Je vous propose ci-dessous ma traduction intégrale de cet entretien, non sans relever quelques points très révélateurs. On y apprend par exemple que selon cet archevêque, Dieu se « retire » de l’histoire après la Création : « Dieu crée mais se retire ensuite. Il quitte l’homme en disant : “Va !” »

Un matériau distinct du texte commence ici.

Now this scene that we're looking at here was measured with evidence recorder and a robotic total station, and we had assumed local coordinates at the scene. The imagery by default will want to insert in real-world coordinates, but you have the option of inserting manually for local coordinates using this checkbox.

Dans cette curieuse conception de la liberté, quid de l’action surnaturelle de Dieu dans le monde ? Interpellé sur ce point par Diane Montagna, Mgr Zani a un peu aménagé son propos pour rappeler que Dieu intervient pour dire (à Caïn) : « Où est ton frère ? » « Par conséquent, Dieu ne se retire pas. Il est là, mais Il ne veut pas remplacer l’homme. » Tout cela ne brille pas par la clarté, mais on retiendra que la notion du péché originel est absente du propos de Zani, qui interprète d’ailleurs l’Incarnation à cette sauce étrange :
« Et donc, au moment de la Création — ceci est un point de vue chrétien, car le christianisme a sa propre vision spécifique — à un certain moment, Dieu voit l’homme désorienté, et il envoie son Fils — l’Incarnation. » L’Incarnation n’est plus la venue du Messie et du Sauveur, promise depuis l’origine pour racheter l’humanité privée du salut éternel par la faute des premiers parents, mais une espèce de séance de rattrapage au moment où l’homme ne sait plus où il va.

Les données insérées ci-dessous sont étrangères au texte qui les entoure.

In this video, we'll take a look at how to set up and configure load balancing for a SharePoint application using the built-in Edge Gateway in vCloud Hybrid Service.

Parmi les propos plus ou moins classiques de Mgr Zani, on retiendra aussi ceux-ci : le pacte éducatif mondial veut se mettre « au service de toute l’humanité dans la liberté », sans qu’il ne soit jamais question de mission, de conversion, d’attirer les jeunes à la vérité. Le premier objectif commun n’est d’ailleurs pas de prêcher la vraie foi, mais de « prendre soin de la création et de l’avenir du monde » – ce n’est pas pour rien que l’affaire s’inscrit dans la logique de Laudato si' et qu’il est placé sur un pied d’égalité avec la COP qui se déroulera en décembre à Glasgow.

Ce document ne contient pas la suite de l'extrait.